Aim of the exercise | Would you please repeat the data exactly as given?

*** Opening of Data listing ***

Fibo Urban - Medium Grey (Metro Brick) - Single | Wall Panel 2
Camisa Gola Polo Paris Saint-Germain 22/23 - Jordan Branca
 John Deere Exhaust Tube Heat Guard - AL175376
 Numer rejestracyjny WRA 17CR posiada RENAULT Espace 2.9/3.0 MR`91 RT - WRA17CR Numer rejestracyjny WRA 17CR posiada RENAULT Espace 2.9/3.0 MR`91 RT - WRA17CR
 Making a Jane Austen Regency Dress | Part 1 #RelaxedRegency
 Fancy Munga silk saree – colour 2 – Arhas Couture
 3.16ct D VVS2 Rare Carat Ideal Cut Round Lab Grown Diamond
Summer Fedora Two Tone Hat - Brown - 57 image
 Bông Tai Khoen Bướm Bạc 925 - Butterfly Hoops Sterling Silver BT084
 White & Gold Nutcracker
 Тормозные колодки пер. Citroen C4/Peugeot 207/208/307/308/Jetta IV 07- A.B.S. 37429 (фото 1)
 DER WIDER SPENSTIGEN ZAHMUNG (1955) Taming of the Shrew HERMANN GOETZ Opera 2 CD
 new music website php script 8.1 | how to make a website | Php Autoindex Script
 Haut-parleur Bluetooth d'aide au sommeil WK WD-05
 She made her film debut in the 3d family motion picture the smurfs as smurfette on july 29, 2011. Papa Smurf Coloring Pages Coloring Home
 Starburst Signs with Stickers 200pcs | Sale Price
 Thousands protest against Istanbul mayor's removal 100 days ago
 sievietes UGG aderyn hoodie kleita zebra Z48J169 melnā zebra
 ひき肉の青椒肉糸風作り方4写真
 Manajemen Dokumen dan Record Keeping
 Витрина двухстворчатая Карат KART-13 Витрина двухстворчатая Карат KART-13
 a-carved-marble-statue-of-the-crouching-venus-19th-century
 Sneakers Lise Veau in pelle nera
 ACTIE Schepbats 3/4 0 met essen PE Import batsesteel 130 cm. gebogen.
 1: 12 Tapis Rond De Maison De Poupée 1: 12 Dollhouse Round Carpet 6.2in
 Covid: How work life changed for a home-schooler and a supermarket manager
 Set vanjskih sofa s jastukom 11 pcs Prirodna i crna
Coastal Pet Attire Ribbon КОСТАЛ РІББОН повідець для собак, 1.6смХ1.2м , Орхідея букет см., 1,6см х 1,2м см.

*** Close of Data listing ***

Output for this exercise |
Fibo Urban - Medium Grey (Metro Brick) - Single | Wall Panel 2
Camisa Gola Polo Paris Saint-Germain 22/23 - Jordan Branca
 John Deere Exhaust Tube Heat Guard - AL175376
 Numer rejestracyjny WRA 17CR posiada RENAULT Espace 2.9/3.0 MR`91 RT - WRA17CR Numer rejestracyjny WRA 17CR posiada RENAULT Espace 2.9/3.0 MR`91 RT - WRA17CR
 Making a Jane Austen Regency Dress | Part 1 #RelaxedRegency
 Fancy Munga silk saree – colour 2 – Arhas Couture
 3.16ct D VVS2 Rare Carat Ideal Cut Round Lab Grown Diamond
Summer Fedora Two Tone Hat - Brown - 57 image
 Bông Tai Khoen Bướm Bạc 925 - Butterfly Hoops Sterling Silver BT084
 White & Gold Nutcracker
 Тормозные колодки пер. Citroen C4/Peugeot 207/208/307/308/Jetta IV 07- A.B.S. 37429 (фото 1)
 DER WIDER SPENSTIGEN ZAHMUNG (1955) Taming of the Shrew HERMANN GOETZ Opera 2 CD
 new music website php script 8.1 | how to make a website | Php Autoindex Script
 Haut-parleur Bluetooth d'aide au sommeil WK WD-05
 She made her film debut in the 3d family motion picture the smurfs as smurfette on july 29, 2011. Papa Smurf Coloring Pages Coloring Home
 Starburst Signs with Stickers 200pcs | Sale Price
 Thousands protest against Istanbul mayor's removal 100 days ago
 sievietes UGG aderyn hoodie kleita zebra Z48J169 melnā zebra
 ひき肉の青椒肉糸風作り方4写真
 Manajemen Dokumen dan Record Keeping
 Витрина двухстворчатая Карат KART-13 Витрина двухстворчатая Карат KART-13
 a-carved-marble-statue-of-the-crouching-venus-19th-century
 Sneakers Lise Veau in pelle nera
 ACTIE Schepbats 3/4 0 met essen PE Import batsesteel 130 cm. gebogen.
 1: 12 Tapis Rond De Maison De Poupée 1: 12 Dollhouse Round Carpet 6.2in
 Covid: How work life changed for a home-schooler and a supermarket manager
 Set vanjskih sofa s jastukom 11 pcs Prirodna i crna
Coastal Pet Attire Ribbon КОСТАЛ РІББОН повідець для собак, 1.6смХ1.2м , Орхідея букет см., 1,6см х 1,2м см.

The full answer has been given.